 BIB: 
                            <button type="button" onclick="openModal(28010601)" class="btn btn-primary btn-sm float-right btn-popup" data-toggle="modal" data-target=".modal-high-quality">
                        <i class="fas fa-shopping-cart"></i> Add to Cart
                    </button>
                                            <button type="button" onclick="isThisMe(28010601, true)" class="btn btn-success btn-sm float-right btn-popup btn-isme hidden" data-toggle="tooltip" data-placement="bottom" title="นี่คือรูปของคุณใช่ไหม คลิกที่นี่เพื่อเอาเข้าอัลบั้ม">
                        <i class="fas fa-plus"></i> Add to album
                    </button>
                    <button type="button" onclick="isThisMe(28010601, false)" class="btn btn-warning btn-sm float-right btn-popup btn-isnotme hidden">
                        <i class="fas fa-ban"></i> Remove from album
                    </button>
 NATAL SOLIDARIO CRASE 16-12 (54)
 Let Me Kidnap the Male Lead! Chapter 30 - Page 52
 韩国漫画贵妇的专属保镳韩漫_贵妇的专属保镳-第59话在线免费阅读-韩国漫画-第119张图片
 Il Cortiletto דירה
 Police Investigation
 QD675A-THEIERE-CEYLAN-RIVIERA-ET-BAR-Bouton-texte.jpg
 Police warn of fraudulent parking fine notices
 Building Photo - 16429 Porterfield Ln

..........

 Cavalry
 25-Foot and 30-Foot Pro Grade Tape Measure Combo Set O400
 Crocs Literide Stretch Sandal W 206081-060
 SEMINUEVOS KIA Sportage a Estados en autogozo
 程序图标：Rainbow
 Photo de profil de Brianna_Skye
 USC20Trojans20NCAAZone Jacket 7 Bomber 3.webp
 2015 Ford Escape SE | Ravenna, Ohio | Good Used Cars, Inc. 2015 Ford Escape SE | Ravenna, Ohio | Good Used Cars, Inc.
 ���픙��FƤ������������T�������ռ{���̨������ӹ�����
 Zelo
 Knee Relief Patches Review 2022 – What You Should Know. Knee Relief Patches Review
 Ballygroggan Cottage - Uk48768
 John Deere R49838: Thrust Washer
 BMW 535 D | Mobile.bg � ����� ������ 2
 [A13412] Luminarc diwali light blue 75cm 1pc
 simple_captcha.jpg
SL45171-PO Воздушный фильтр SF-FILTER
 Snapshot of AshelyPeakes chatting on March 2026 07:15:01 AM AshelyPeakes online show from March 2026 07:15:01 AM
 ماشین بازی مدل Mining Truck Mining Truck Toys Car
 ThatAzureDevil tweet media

..........

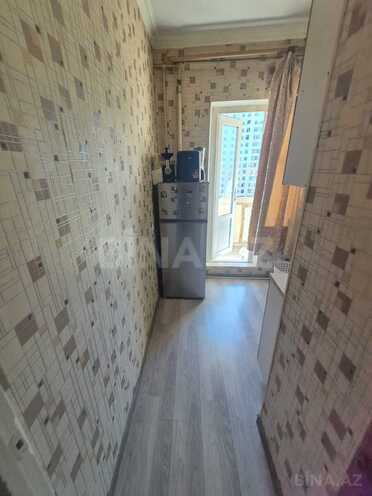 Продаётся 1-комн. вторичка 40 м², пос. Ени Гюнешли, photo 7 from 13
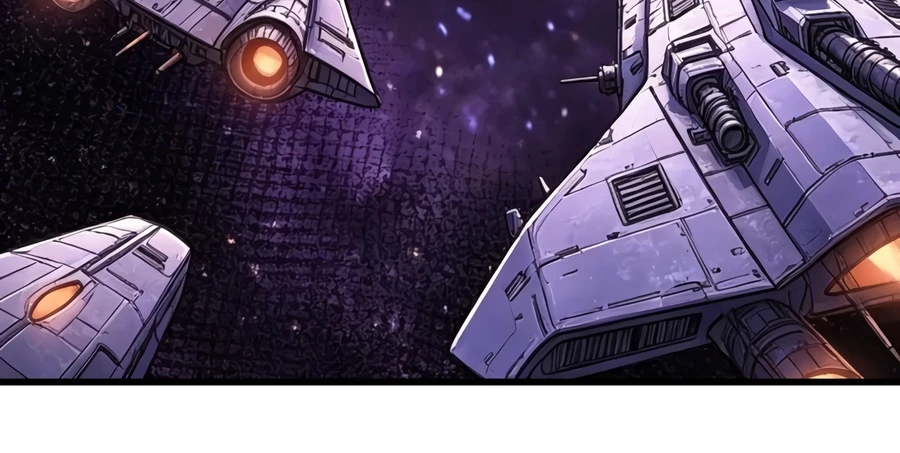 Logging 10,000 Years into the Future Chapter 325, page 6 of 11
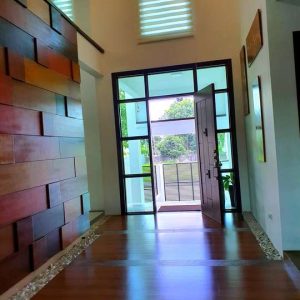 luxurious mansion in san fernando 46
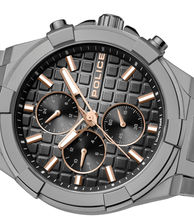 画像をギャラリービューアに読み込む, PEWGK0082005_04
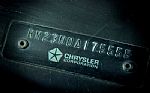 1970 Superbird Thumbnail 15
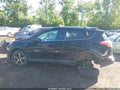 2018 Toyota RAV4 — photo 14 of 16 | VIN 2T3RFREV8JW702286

..........

**Work required:** Word for word, restate the lines of the data above that fall between the line holding "Knee Relief Patches Review 2022" and the line holding "ThatAzureDevil tweet media", inclusive, and no other lines.

**Result for this task:**
 Knee Relief Patches Review 2022 – What You Should Know. Knee Relief Patches Review
 Ballygroggan Cottage - Uk48768
 John Deere R49838: Thrust Washer
 BMW 535 D | Mobile.bg � ����� ������ 2
 [A13412] Luminarc diwali light blue 75cm 1pc
 simple_captcha.jpg
SL45171-PO Воздушный фильтр SF-FILTER
 Snapshot of AshelyPeakes chatting on March 2026 07:15:01 AM AshelyPeakes online show from March 2026 07:15:01 AM
 ماشین بازی مدل Mining Truck Mining Truck Toys Car
 ThatAzureDevil tweet media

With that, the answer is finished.